The Bushes and Clintons came of age in the '60s, too, but they believe it's their right to run things. And though they started from opposite cultural ends of Yale--the Bushes on Fraternity Row, Bill and Hillary at the law school--both families deploy many of the same methods in the pursuit of power, and most of them are on display. One is total personal control of the ostensibly independent machinery of the national party and the local campaigns. Presidents always run their parties. But George W. Bush--like Bill Clinton before him--has taken it to a new, higher level. In 1996 Clinton himself wrote the party's "soft money" ads at his Oval Office desk. This year, Bush and Rove are involved in races to the last detail. Earlier this year, Rove's minions decreed that no Republican candidate could use the president's likeness or photo without specific permission from the White House. "We're too busy now to enforce it, but earlier in the year we did try," said Bush political director Ken Mehlman.

Both families know how to use one campaign to prepare for another. In the late '80s, Bush was dismissed as a lightweight loafer in his dad's campaign headquarters. Turns out he was absorbing a feel for national politics that was far deeper and more sophisticated than his foes give him credit for. No one ever underestimated Hillary Rodham Clinton, but she left the White House in January 2001 with a network of contacts and knowledge that is all but unrivaled in Democratic circles. And though she is reviled by Republicans and distrusted by independents, her roots in her own party are deep. In a recent NEWSWEEK Poll, she runs neck and neck with Al Gore in a test match for the 2004 nomination. The former vice president leads with 25 percent of Democrats polled; Clinton is next with 23 percent. No one else is close. Should Gore chose not to run, she would be the front runner. But in these families patience is a virtue, and no one close to Clinton believes she would be tempted to reverse the flat rejection of a 2004 race issued last summer on "Meet the Press."

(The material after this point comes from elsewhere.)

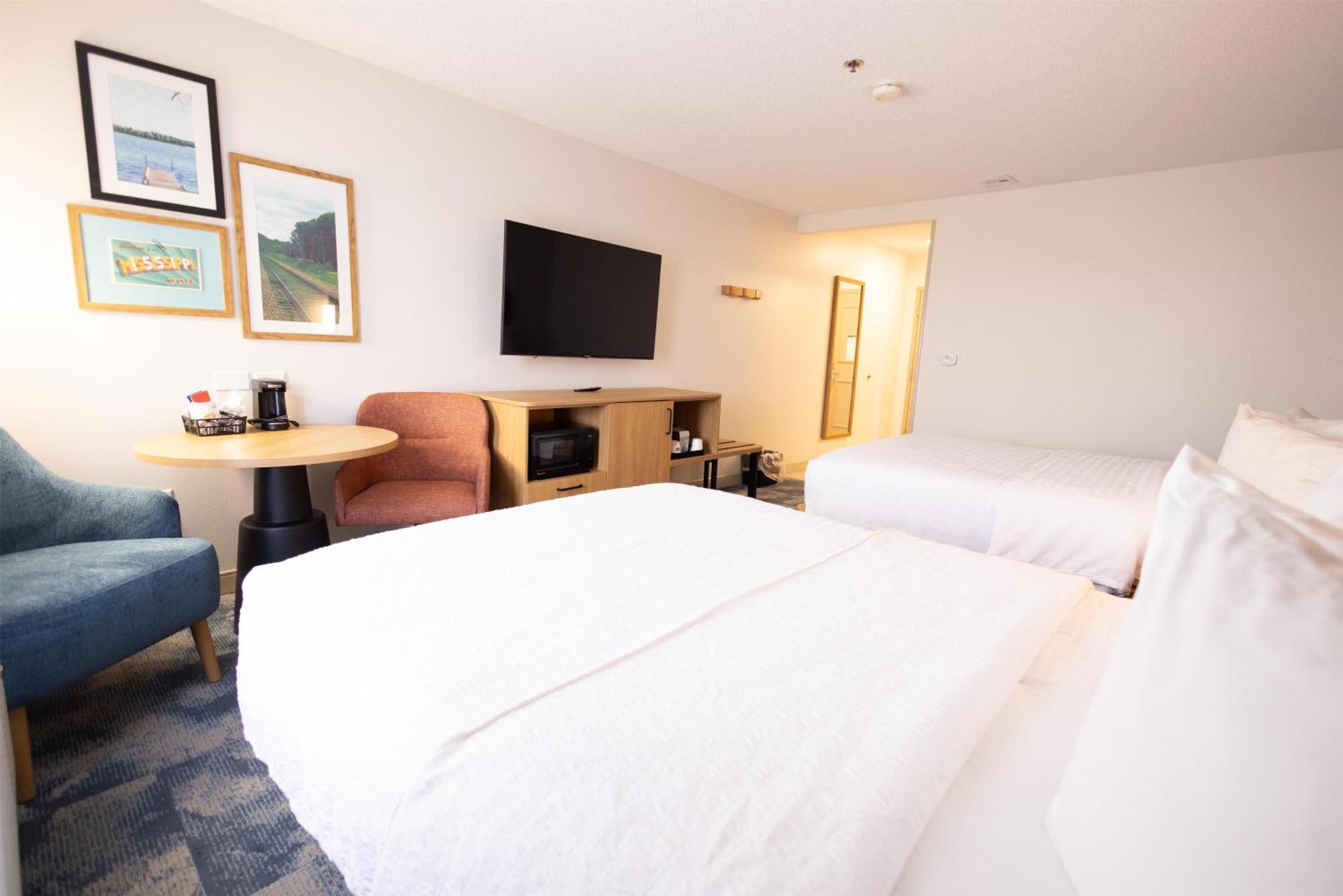 Room Two Queen Beds Non-Smoking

Instead, Clinton is biding her time, laying the foundation for an almost certain run in 2008. Arriving in the Senate in 2001, she reverted to the Wellesley coed she once was, smiling brightly and listening intently as she curried favor with the old bulls eager to teach her the mysteries of their venerable--make that antique--institution. She shrewdly lavished attention on Sen. Robert Byrd of West Virginia, the silver-maned master of Senate procedure who considers himself grievously underappreciated.

Such earnest cultivation pays off. When she wanted prime time--and lots of it--to explain in a lengthy floor speech why she was backing Bush on Iraq, Clinton asked Byrd to give her a chunk of his time. He happily agreed. When the hard-charging and Hollywood-handsome Sen. John Edwards rushed to the floor at the last minute and asked to speak, Democratic leaders had no time left to give him. Clinton couldn't restrain a triumphant grin at the plight of a clear rival--in fact, one who is seeking the 2004 nomination. She spoke to him in a near shout--loud enough for the galleries to hear. "Just stand there and look pretty, John," she said. He smiled wanly, and rushed from the chamber.

Now, the Bushes and Clintons are focused on the biggest enchilada of 2002, the Senate. The president is traveling nonstop until Nov. 5, planning to hit Arizona, New Mexico, Illinois, Wisconsin, South Dakota, New Hampshire, Pennsylvania and Minnesota, with a stress on those where he and Rove enticed candidates into running. Hillary and Bill, though they rarely embrace in public, give political updates to each other by phone regularly and are coordinating their efforts. Mrs. Clinton has raised $1.3 million hosting events in their Washington home. She may have to hold more after Election Day. If Mary Landrieu, the Democratic incumbent in Louisiana, doesn't win 50 percent of the vote on Nov. 5--and it looks as if she may not--state law calls for a runoff in December. That will leave plenty of time for the Clintons, and all the Bushes, to gather in Louisiana for another round. And it is unlikely to be the last.